_WHAT IS NEEDED_
Begin at the first line of the data and copy each line through the one containing "My old easel", that line included, with no pictures.

_PROVIDED MATERIAL_
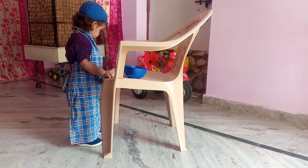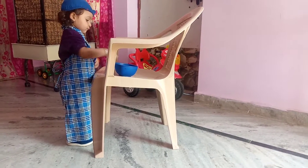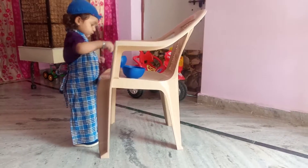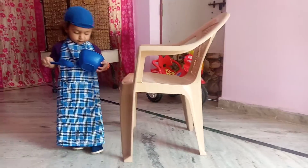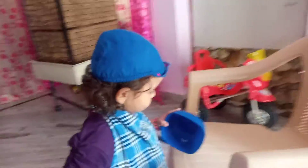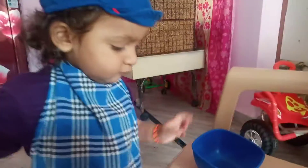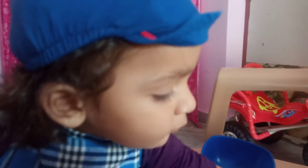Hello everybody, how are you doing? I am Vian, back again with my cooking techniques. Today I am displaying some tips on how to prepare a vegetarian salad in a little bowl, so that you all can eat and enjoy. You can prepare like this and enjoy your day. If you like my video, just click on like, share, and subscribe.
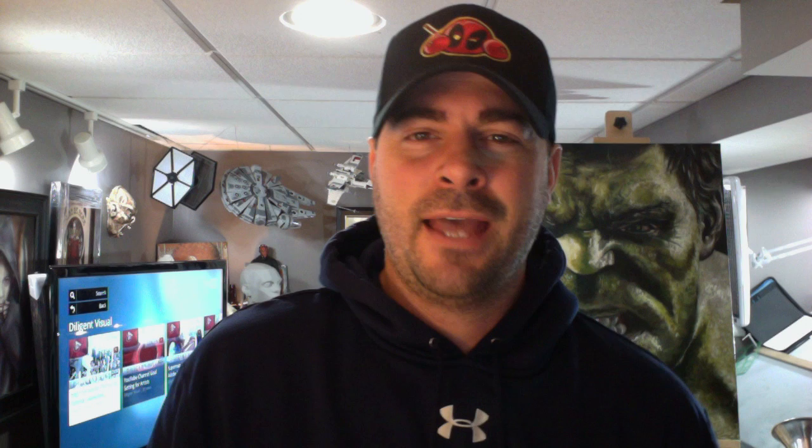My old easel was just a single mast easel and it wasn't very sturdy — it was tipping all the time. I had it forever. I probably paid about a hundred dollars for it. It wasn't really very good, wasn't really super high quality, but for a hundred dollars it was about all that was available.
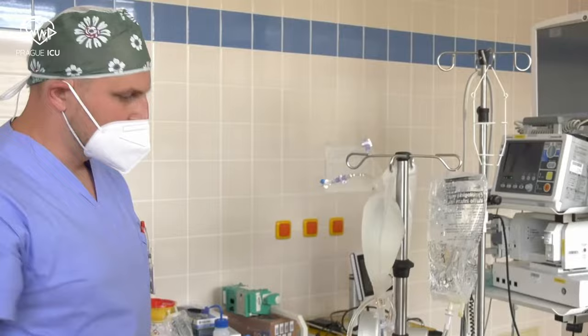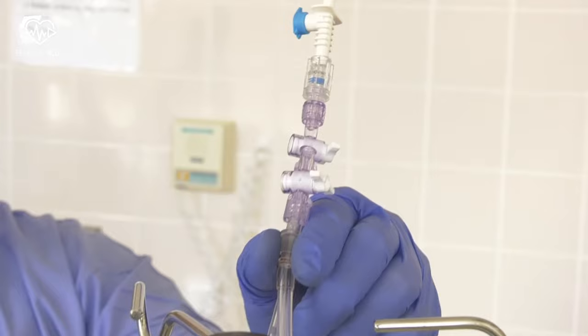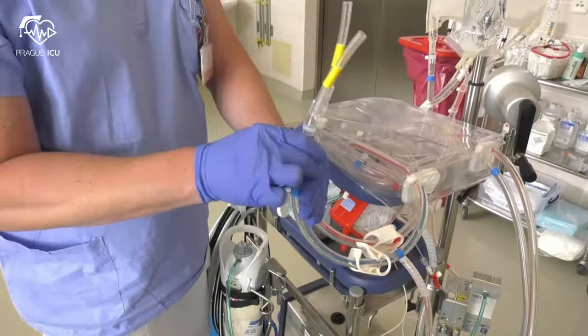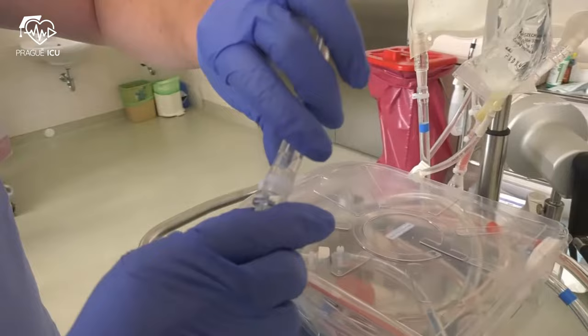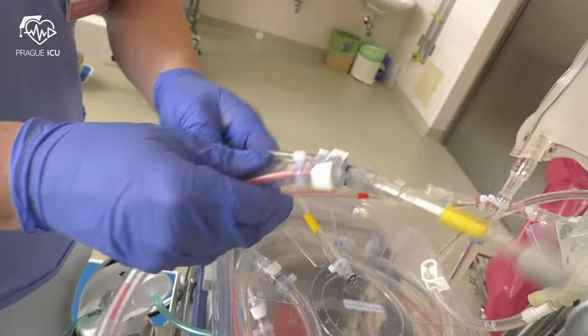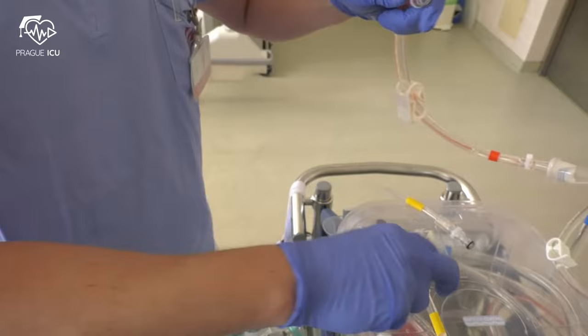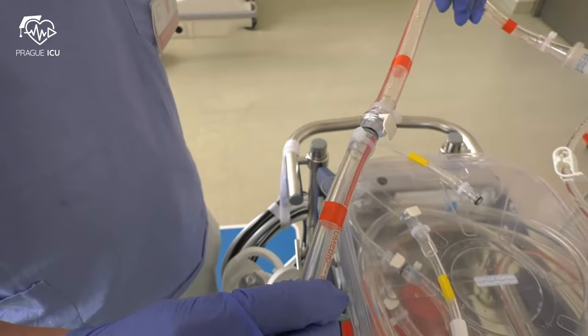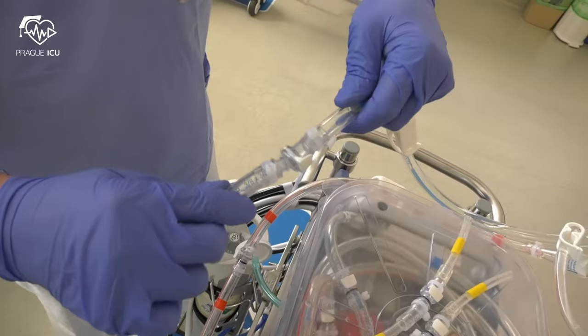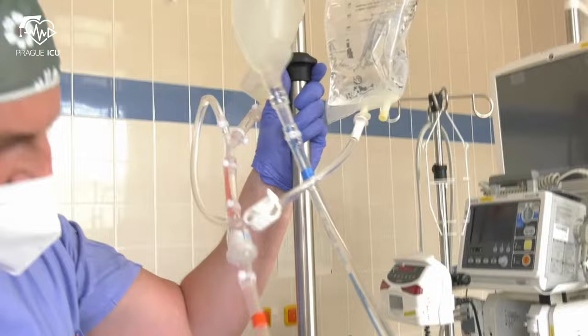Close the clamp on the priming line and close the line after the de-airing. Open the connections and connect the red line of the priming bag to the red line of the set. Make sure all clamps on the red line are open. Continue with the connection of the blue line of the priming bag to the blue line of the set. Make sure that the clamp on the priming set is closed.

_RESULT OF THIS EXERCISE_
Hello everybody, how are you doing? I am Vian, back again with my cooking techniques. Today I am displaying some tips on how to prepare a vegetarian salad in a little bowl, so that you all can eat and enjoy. You can prepare like this and enjoy your day. If you like my video, just click on like, share, and subscribe.
My old easel was just a single mast easel and it wasn't very sturdy — it was tipping all the time. I had it forever. I probably paid about a hundred dollars for it. It wasn't really very good, wasn't really super high quality, but for a hundred dollars it was about all that was available.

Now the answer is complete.